Summer is over, March is here. For some, (Tony Abbott, this means you) the Ides of March have come. For others (John Key, this means you), this war heralds the end of the golden weather and a winter of unprecedented discontent.
On the box this morning, the PM outlined what could only be called a ‘kill and run’ strategy in Iraq.
First, any response that didn’t involve killing was not an option. Humanitarian aid may help the Iraqis but it won’t help our friends and killing is the currency of our club membership. So humanitarian aid is out. Second, everyone accepts that military intervention never works. In fact, all the evidence suggests it makes matters worse. For this reason, the PM has come up with a plan that limits New Zealand contribution to making matters worse. We will send only a tiny contingent to assist with the killing and we will send them for only two years. So that’s the plan: stay onside with our friends by sending only a very tiny force to help with the killing for only two very short years. And then we’re out of there. Mission Accomplished. What could possibly go wrong?
Put another way, the PM accepts that Iraq is a piranha pool. And we all know trying to kill piranhas by jumping in their pool has never worked. But because our friends are jumping in again, we are obliged to jump in too. But rest assured, only a tiny few will be jumping in and those few will only be exposed to the piranhas for two years. After two years, we get out of the pool and come home. Mission Accomplished. What could possibly go wrong?
Put another way, the PM has committed New Zealand to a war George Bush started with all the king’s horses and all the king’s men but did not win. Having lost then, we sign up to the same losing strategy and join the same unwinnable war but, and this is the genius of John Key, only for two years and only with a tiny military contingent. Mission Accomplished. What could possibly go wrong?

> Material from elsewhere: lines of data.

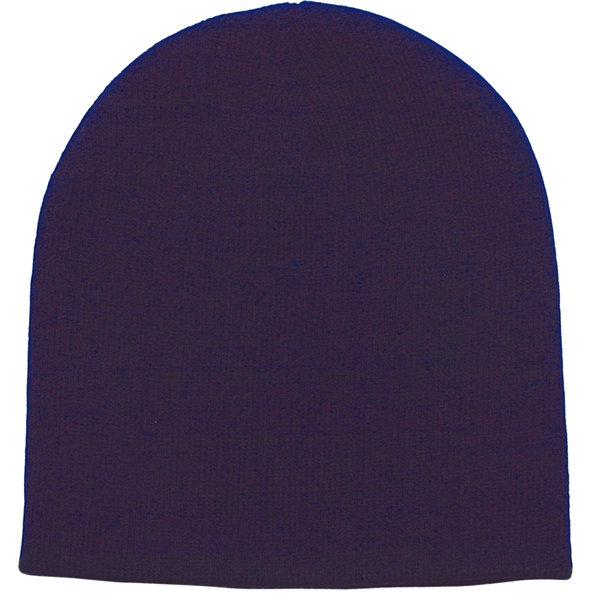 Knit Beanies Cap - Knit Beanies Cap - Image 2 of 4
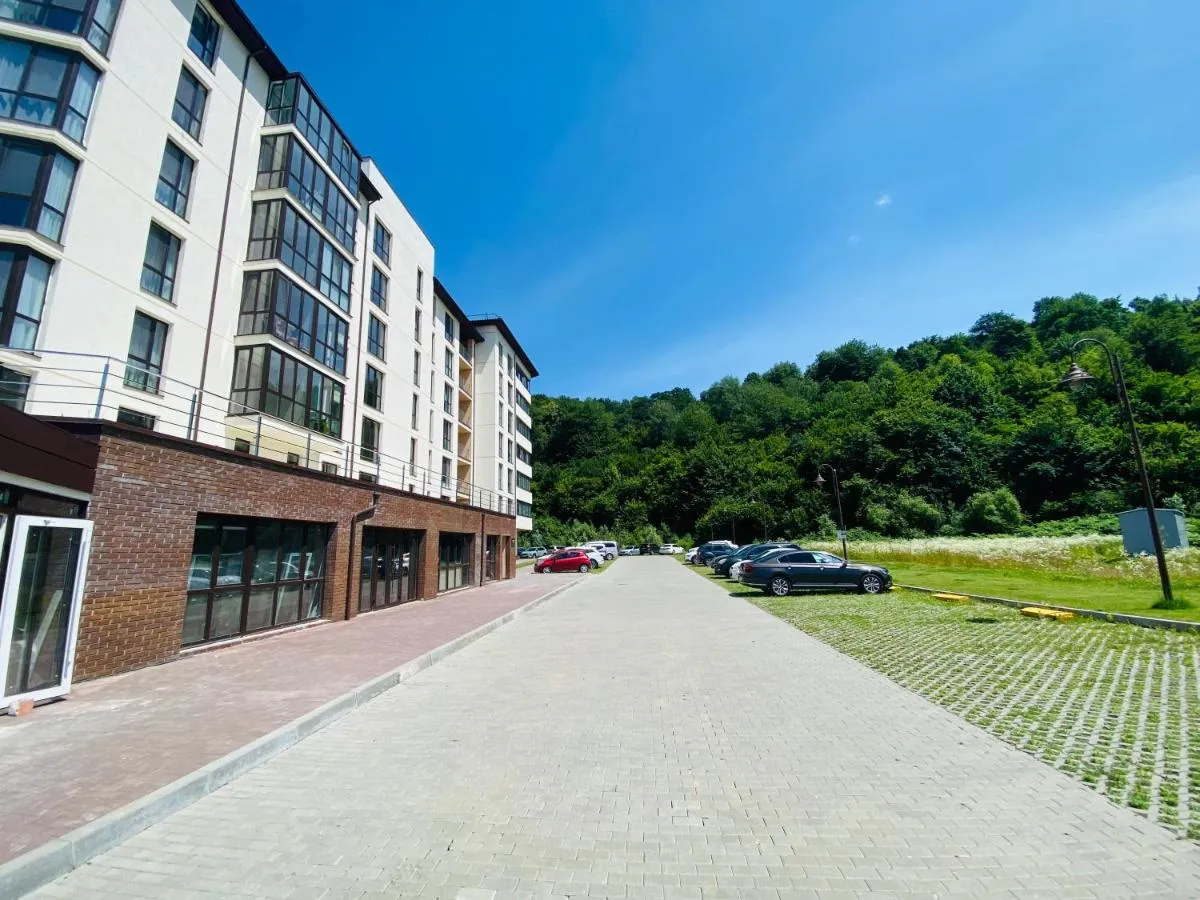 Image 2 of Sunny apartment в ЖК Сонячний Квартал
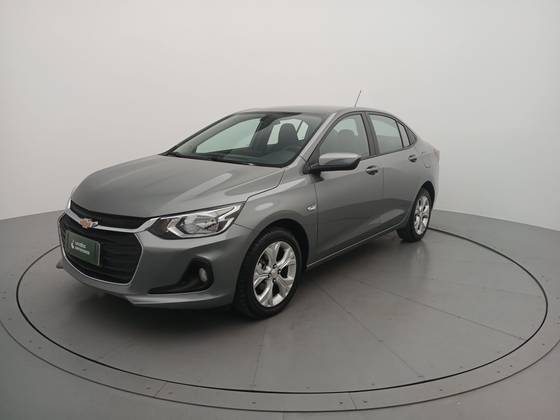 CHEVROLET ONIX 2024
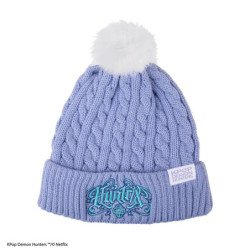 Gorro bonnet cinereplicas kpop demon hunters huntr - x
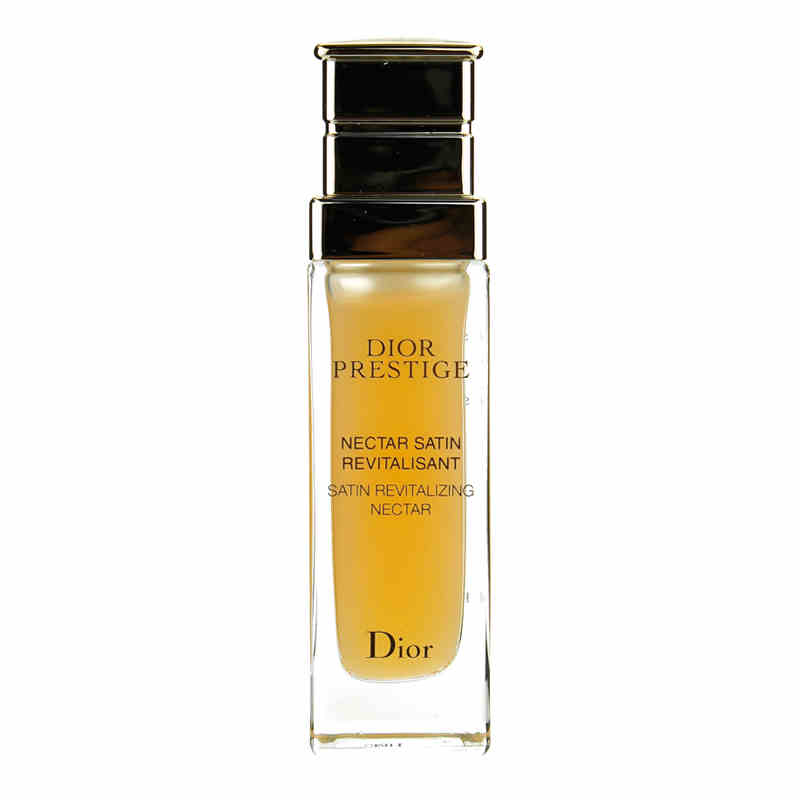 Dior/迪奥 精萃再生花蜜活颜丝悦精华液 提亮肤色30ml 正品代购
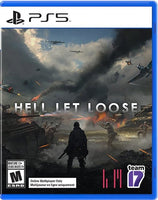 Hell Let Loose (Pre-Owned)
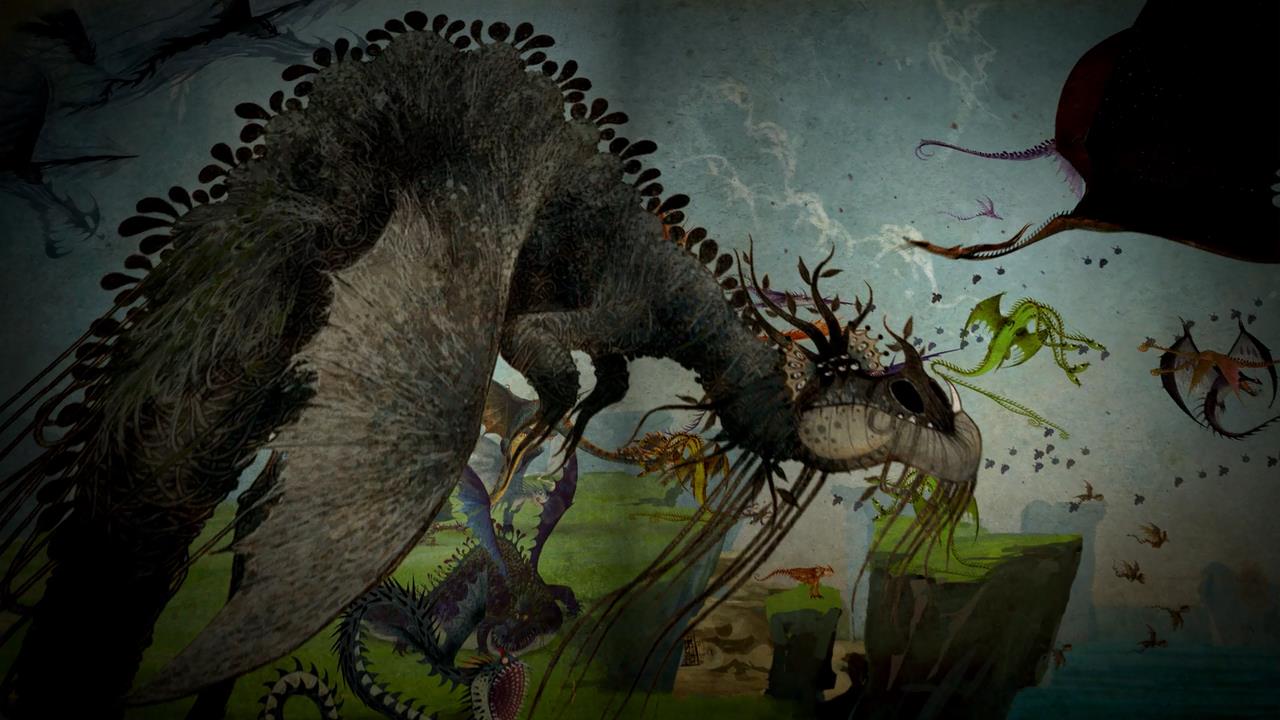 Gallery Foreverwing How to Train Your Dragon Wiki Fandom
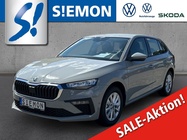 Skoda Scala 2025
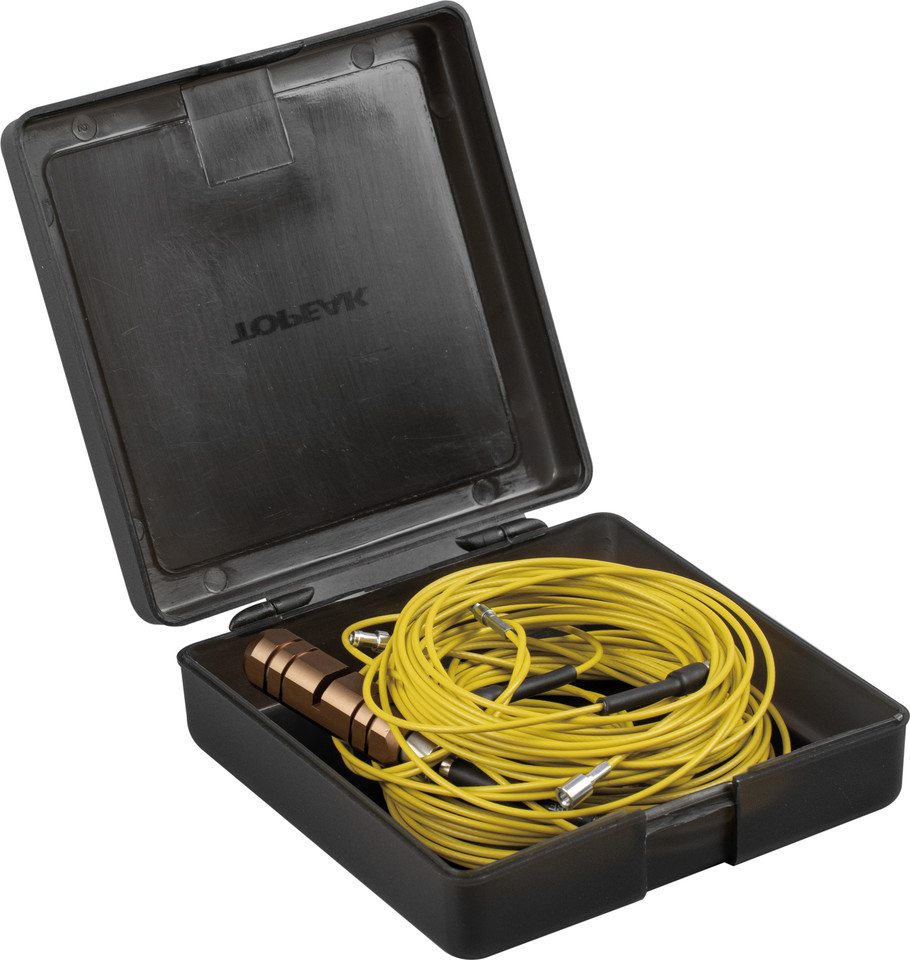 Topeak Internal Cable Routing Set for internally routed cables - bike ...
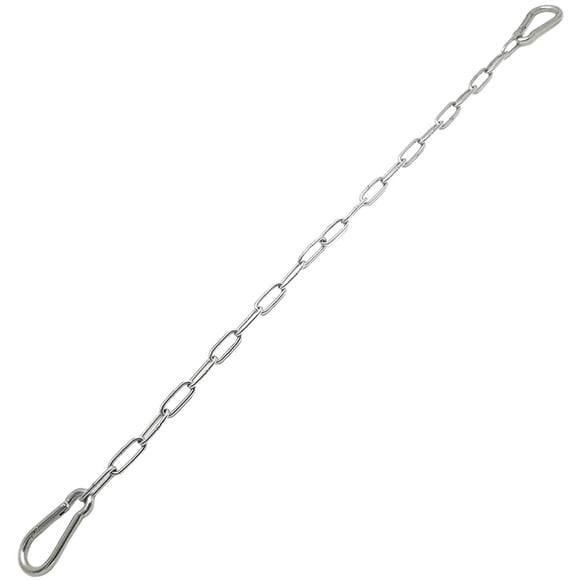 Xiao Hua Cadena portátil reutilizable, adecuada para cadenas de acero inoxidable para exteriores.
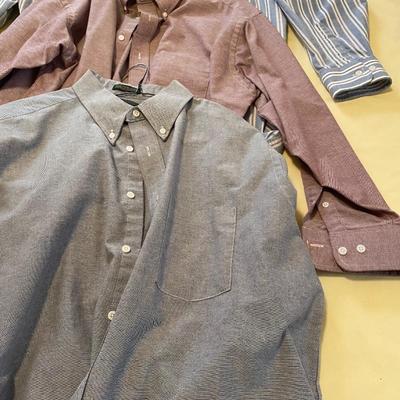 Shirts 17 1/2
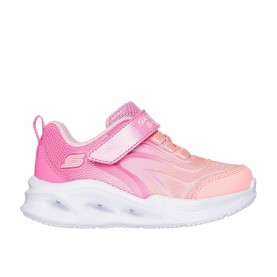 детски,маратонки,детски,маратонки,skechers,lighted,gore,&amp;,strap,sneaker,w,ombr,light,up,trainers,girls,pink
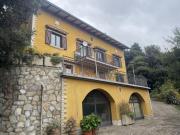 Villa in Strada Fontana la Trinit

Does it matter? In the NZ Herald, Mike Hosking said it was a ‘brave and honourable’ call. “History shows us that former US Secretary of Defence, Donald Rumsfeld, was fully expecting to be hailed a hero and a liberator when he rolled into Baghdad. Recent history shows Chuck Hagel, one of Rumsfeld’s successors, got the shock of his life at just how sophisticated, ruthless and well-financed the current enemy are. They defined the conflict, they told us how it was all going to unfold, and look what happened. Look what’s still happening. But through it all, despite it all, we must play our part. It is the right, honourable and only thing to do.”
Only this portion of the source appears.